The Revision Process
If you receive "Revision Required," you're not rejected. You have a clear path to pass.
The panel will specify what needs strengthening:
- Major revisions: Typically mentorship evidence or problem framing. Requires 4-6 weeks to address.
- Minor revisions: Typically clarity or additional examples. Requires 1-2 weeks.
You have 12 weeks to resubmit revised artifacts. The same panel reviews your revision.
Revision Success Rate
Revision is not a death sentence. Most who revise successfully pass.
FAQ: 15+ Common Questions
Q: Can I use internal work for my eval program design if it's been published externally (e.g., as a case study)?
A: Yes. As long as you have permission and anonymize proprietary information appropriately, you can use real work.
Q: Can I use the same published contribution for another credential (like a portfolio for an academic PhD or teaching role)?
A: Yes. A piece of work can serve multiple purposes. You don't need separate publications.
Q: What if I co-authored my published work? Does that disqualify me?
A: No. Co-authorship is fine. Specify your contribution (1st author, 2nd author, equal contribution, etc.).
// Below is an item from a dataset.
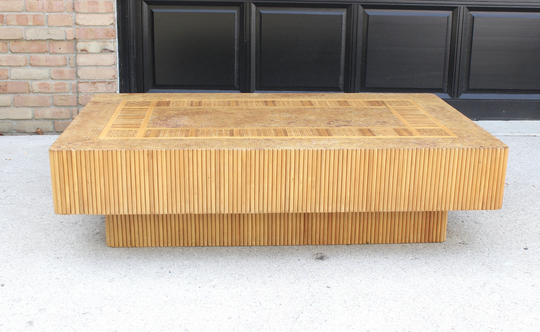 Mid-Century Modern Pencil Rod Parquetry Coffee Table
You should be able to speak to your specific role.
Q: Can I use a product I built that's not open-source as my published contribution?
A: It depends on impact. If it's closed-source, the bar is higher: documented case studies, user testimonials, clear evidence of adoption. Open-source projects get credit for transparency and community.
Q: If I mentor someone who fails their certification exam, does that hurt my portfolio?
A: No. Your job is to develop them; their job is to pass the exam. Mentee growth is measured by progression, not exam results.
Q: How do I find someone to mentor if I don't already have mentees?
A: You have options: (1) Mentor an existing junior evaluator at your org. (2) Volunteer as a mentor through eval.qa's mentorship program. (3) Find someone in your professional network interested in learning evaluation. You have time to find them; don't wait.
Q: Can I mentor someone remotely?
A: Yes. Document your sessions (Zoom, Slack, email). Remote mentorship is just as valid as in-person.
Q: Is 6 weeks enough to mentor someone if I'm just starting?
A: No. You should have 6+ months of mentoring history by the time you submit. Plan for this when you're starting your eval journey.
Q: Can my portfolio evaluation program be the same as my day job?
A: Yes. If you designed and led an evaluation program at work, that's valid. You don't need side projects.
Q: If my eval program design was rejected by my organization for implementation, can I still use it in my portfolio?
A: You can, but frame it as a "design proposal" not "executed program." The panel will ask why it wasn't implemented. Be honest. If it was rejected for budget reasons, that's understandable. If it was rejected because the design was flawed, use something else.
Q: How much detail should I include if I'm anonymizing?
A: Enough detail that an expert evaluator can understand the sophistication of your approach. If anonymization makes it too vague, you've anonymized too much.
Q: Can I update my portfolio after submission (before the panel reviews it)?
A: You have 5 days after submission to make minor updates (clarifications, broken links, etc.). After that, it's locked for review.
Q: What if I think a reviewer was unfair in their assessment?
A: You can appeal. You'll get a second review by a different panel member. Appeals are rare but possible if you can point to specific errors in assessment.